わたしたちは、意外に大きな音を出している!?「遮音・防音」を知ろう
暮らしていて、意外に気になる「音」。都市部のマンションであれば壁や窓などから伝わってくる外部からの音を遮断できているか、静かな環境の建物であれば生活音が意外に気になるので天井や床の防音ができているかどうか、チェックが必要になってきます。

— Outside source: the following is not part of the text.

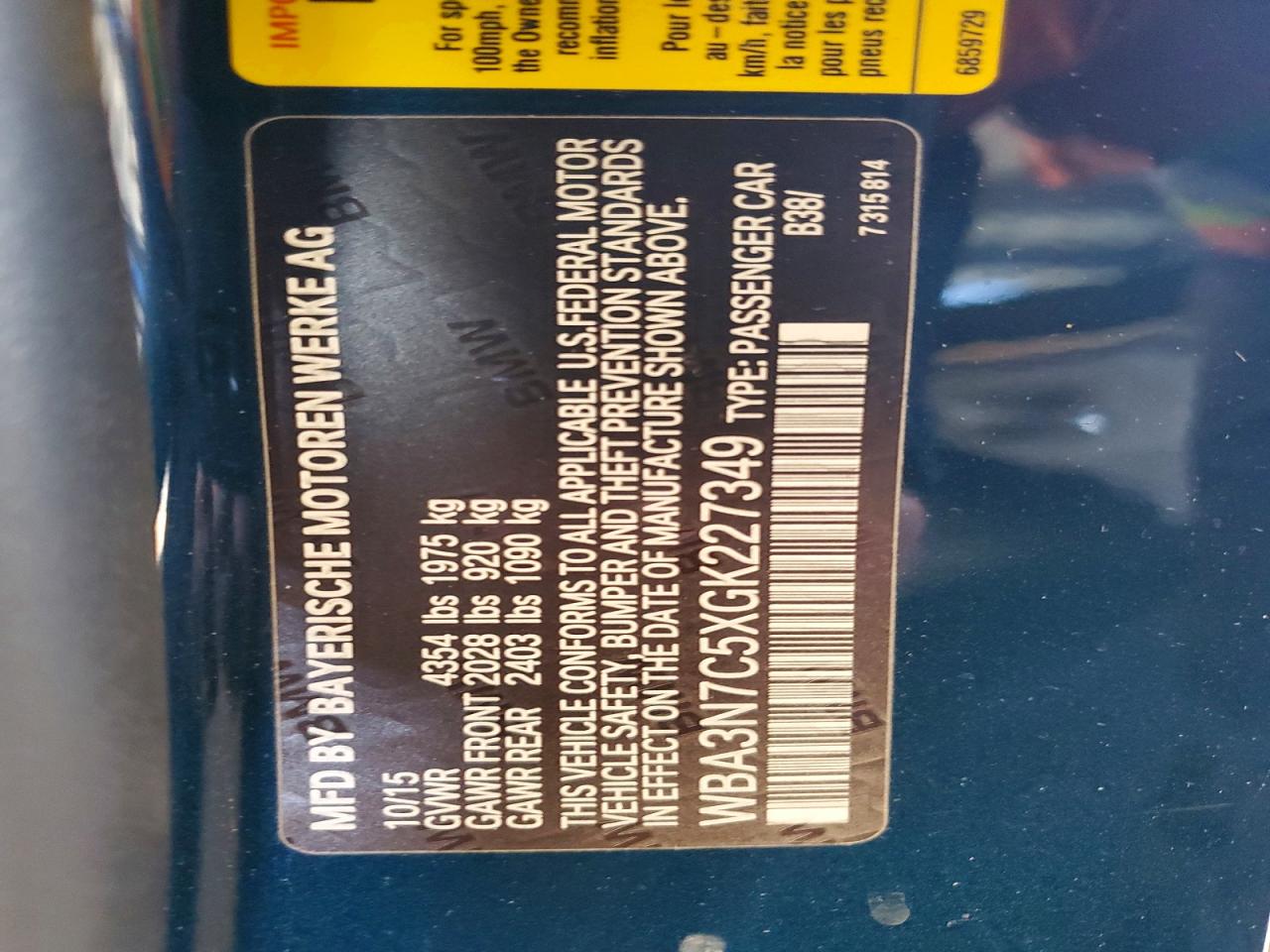2016 BMW 4 series VIN WBA3N7C5XGK227349 photo 12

防音についての知識をご紹介しつつ、音の観点から見たマンション選びのポイントをご紹介しましょう。
意外に気になる暮らしの「音」
わたしたちの身の回りではさまざまな音があふれています。静かな環境だと思っていても、生活音など、案外音がしているもの。そんな音の大きさを客観的に表す単位として、「デシベル(dB)」があります。デシベルは人間が聞き取れる最小の音のエネルギーを基準として、その基準の音の何倍であるかを示すものです。たとえば、夜の住宅地では約30dB、通常の会話で約60dBの音が出ています(下図参照)。洗濯機の音や子どもが走り回る音は、新幹線の車内と同じくらいの音。掃除機の音は、地下鉄の車内に迫るような音量が出ています。このように、暮らしの中で発生する生活音は、意外に大きいのです。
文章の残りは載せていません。